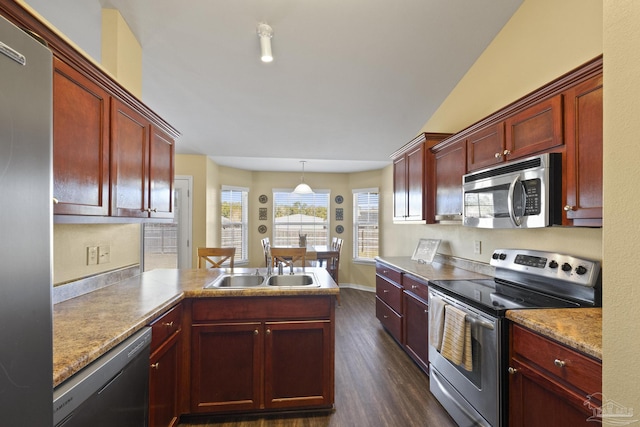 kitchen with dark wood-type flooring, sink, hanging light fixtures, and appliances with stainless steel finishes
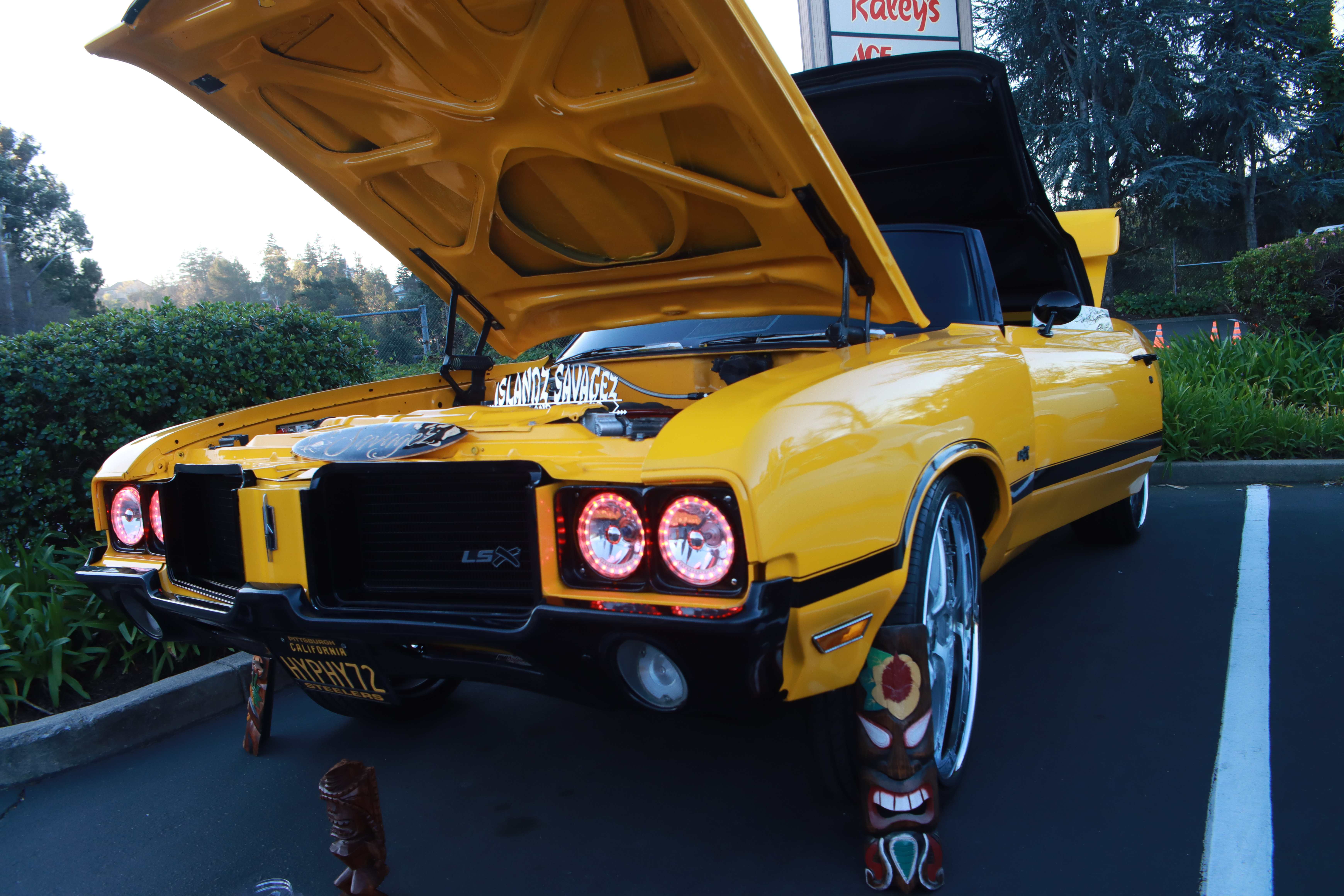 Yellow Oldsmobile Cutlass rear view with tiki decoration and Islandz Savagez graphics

:::::

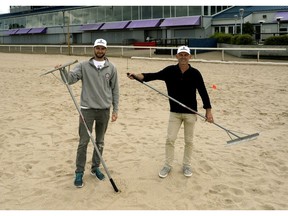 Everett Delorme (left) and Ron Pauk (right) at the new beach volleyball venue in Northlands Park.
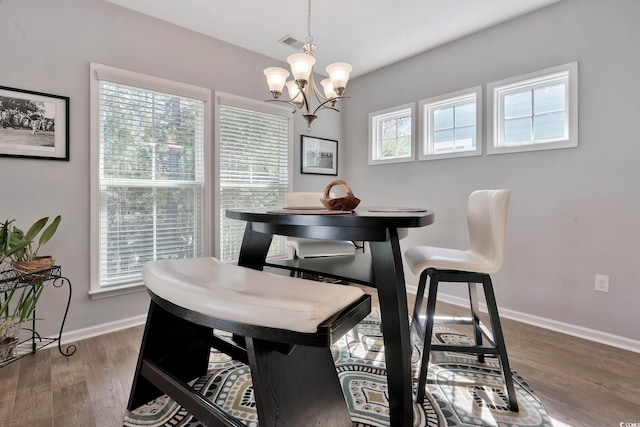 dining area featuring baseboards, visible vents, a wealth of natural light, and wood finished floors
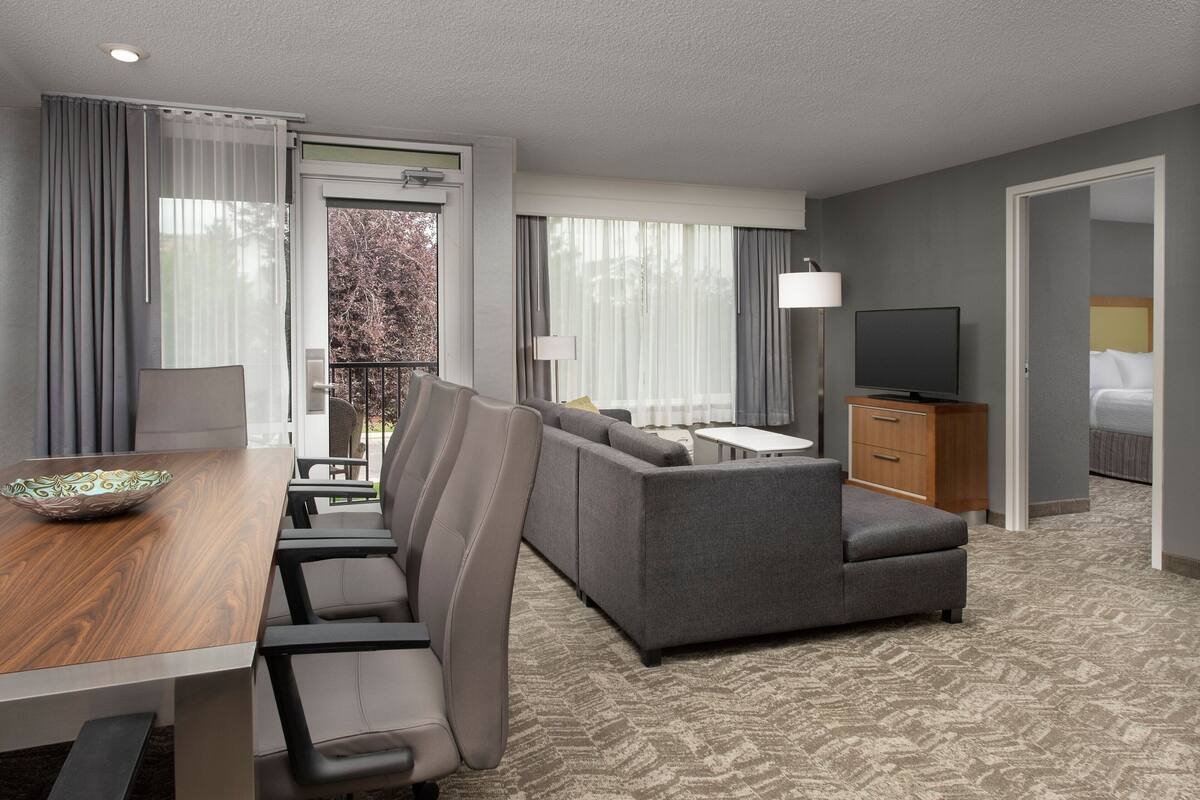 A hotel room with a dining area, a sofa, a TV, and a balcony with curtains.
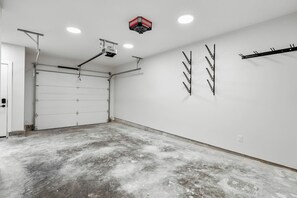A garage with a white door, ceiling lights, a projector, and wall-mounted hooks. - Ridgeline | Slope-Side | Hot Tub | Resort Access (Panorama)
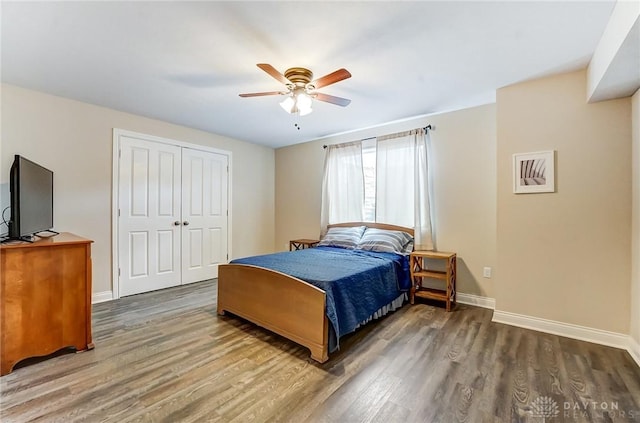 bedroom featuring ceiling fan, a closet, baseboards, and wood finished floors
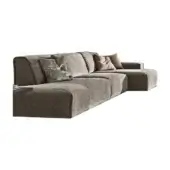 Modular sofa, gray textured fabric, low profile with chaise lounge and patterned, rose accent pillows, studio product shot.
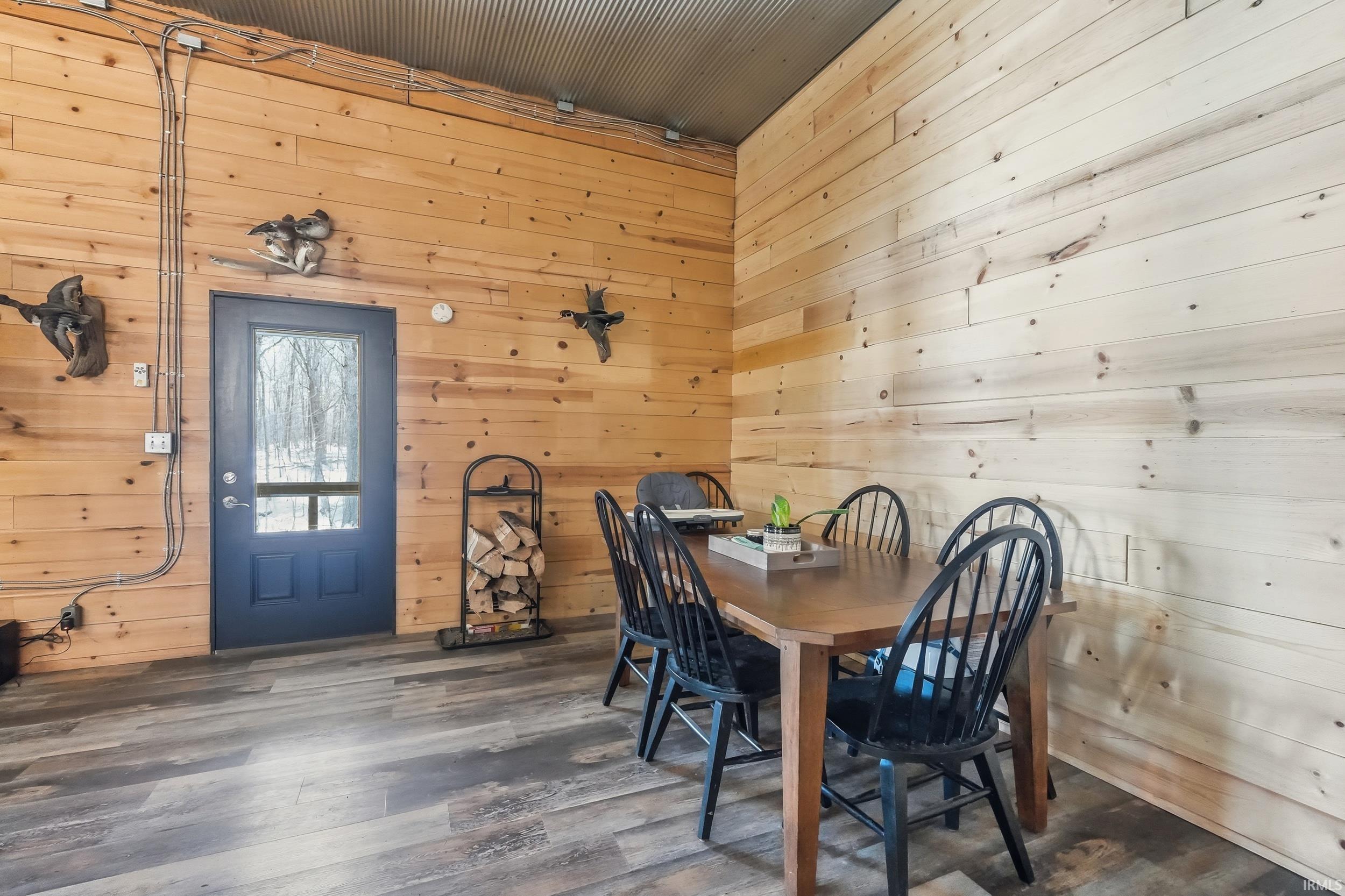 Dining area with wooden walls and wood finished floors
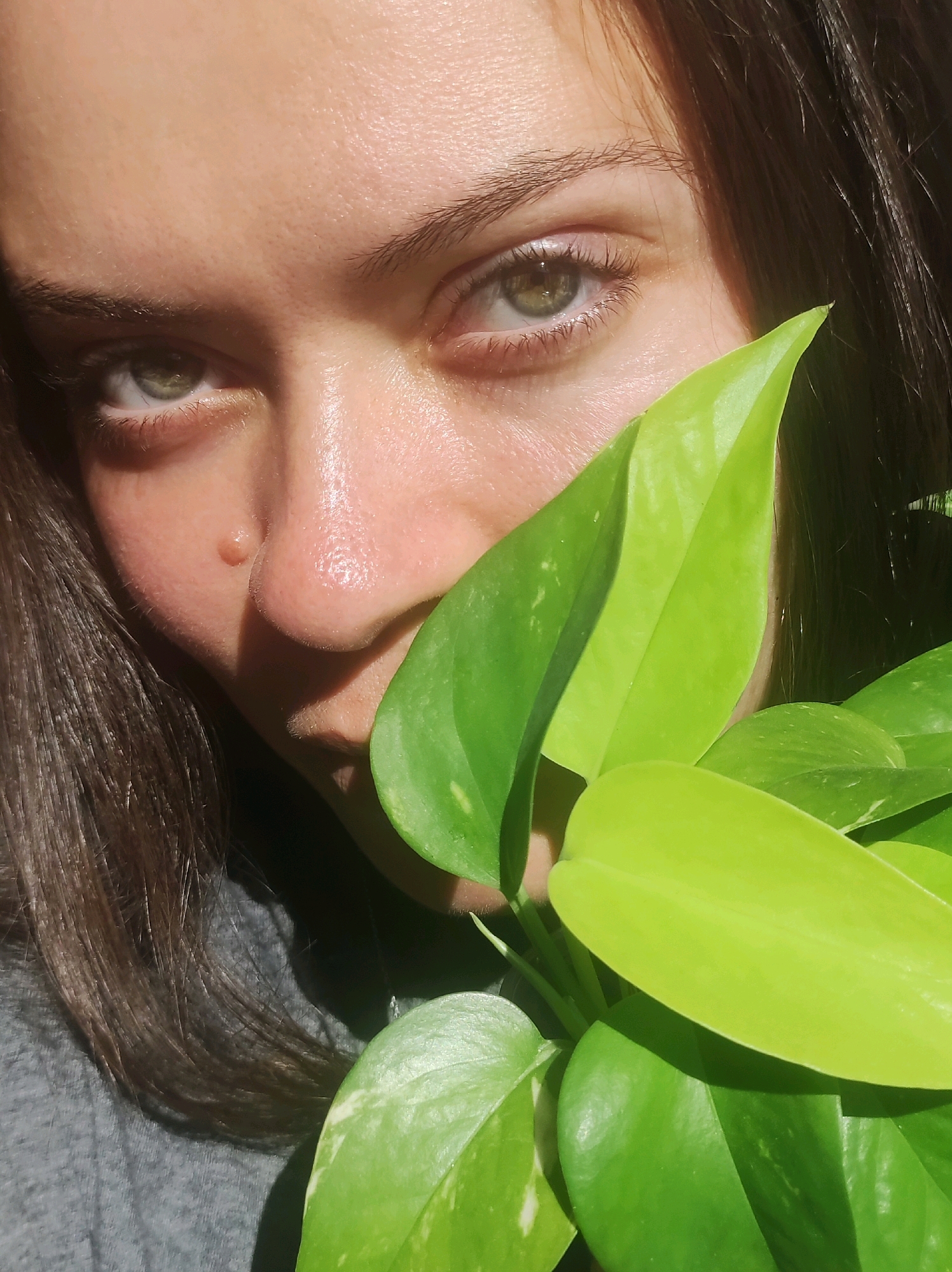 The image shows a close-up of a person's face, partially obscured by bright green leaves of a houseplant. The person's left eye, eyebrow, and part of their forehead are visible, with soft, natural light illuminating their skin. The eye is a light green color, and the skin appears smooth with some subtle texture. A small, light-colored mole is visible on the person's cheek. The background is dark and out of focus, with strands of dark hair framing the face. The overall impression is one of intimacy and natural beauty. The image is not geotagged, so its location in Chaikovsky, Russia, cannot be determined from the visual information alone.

:::::

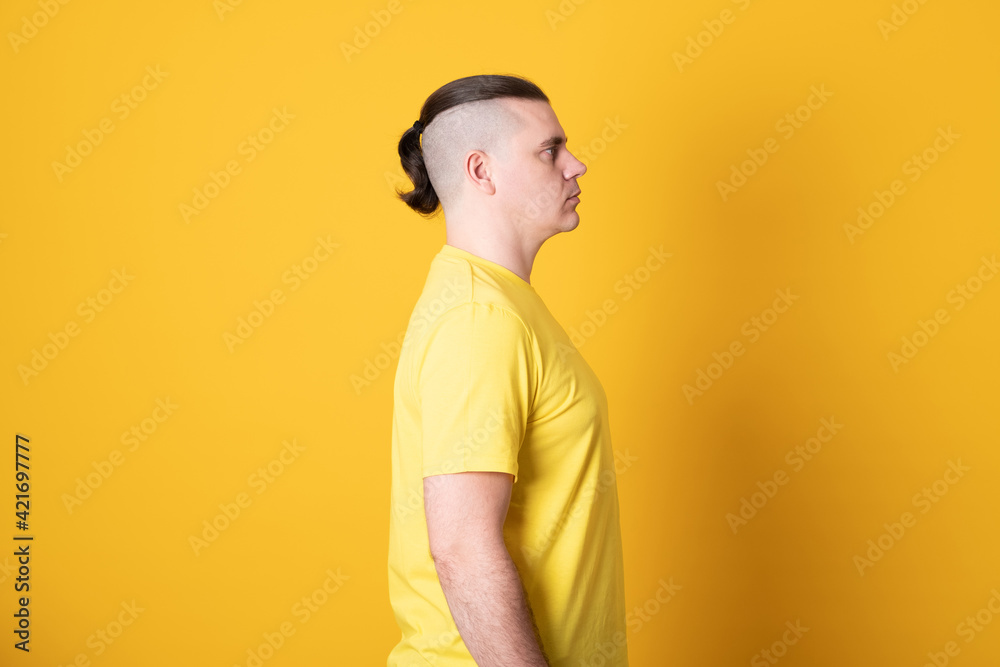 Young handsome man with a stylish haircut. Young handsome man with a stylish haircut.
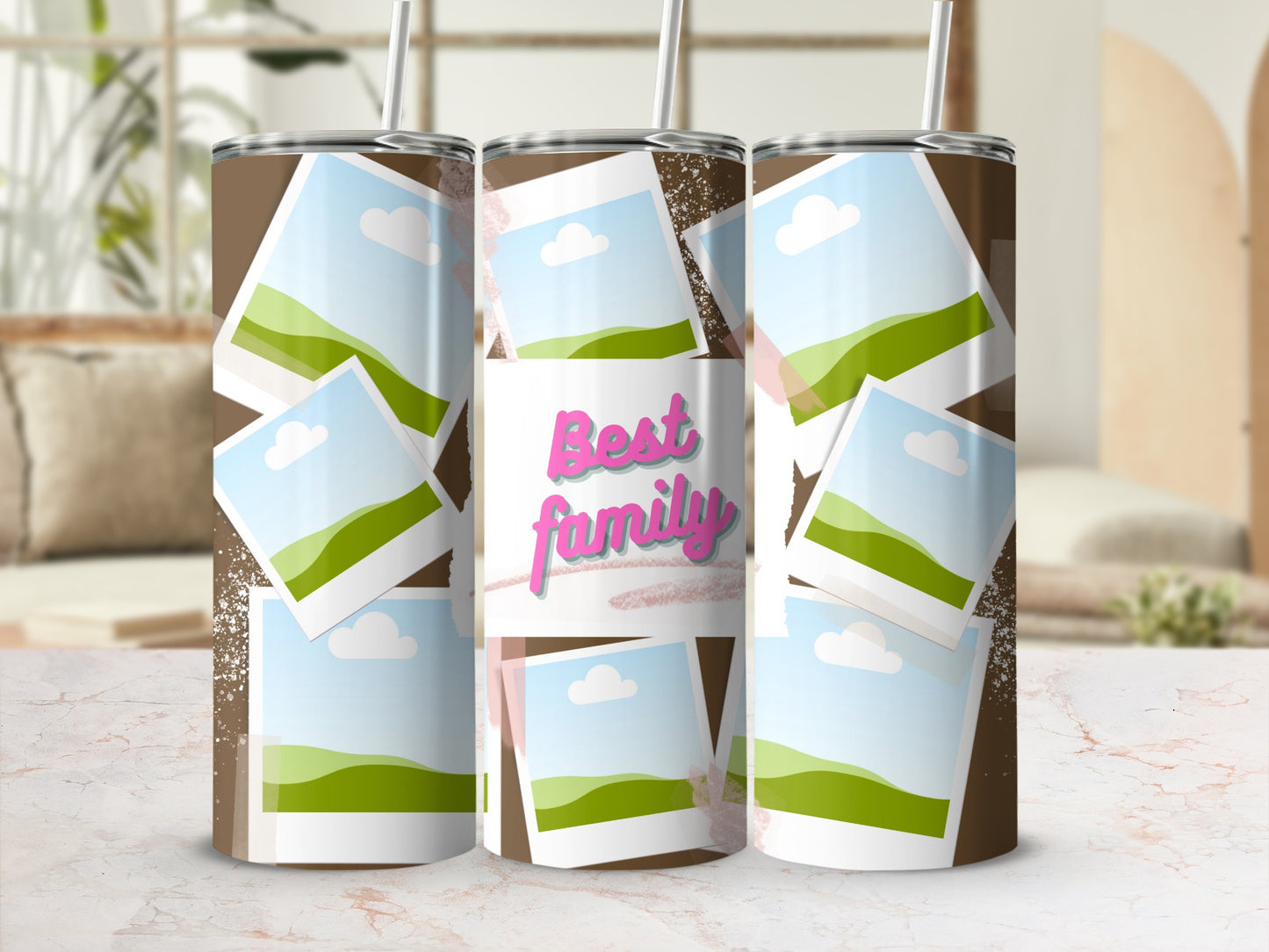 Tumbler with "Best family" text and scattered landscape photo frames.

:::::

*Exercise aim*:
Using the data above, return the lines from the one holding "kitchen with dark" through the one holding "Yellow Oldsmobile Cutlass" exactly, but not the pictures.

*Reply*:
 kitchen with dark wood-type flooring, sink, hanging light fixtures, and appliances with stainless steel finishes
 Yellow Oldsmobile Cutlass rear view with tiki decoration and Islandz Savagez graphics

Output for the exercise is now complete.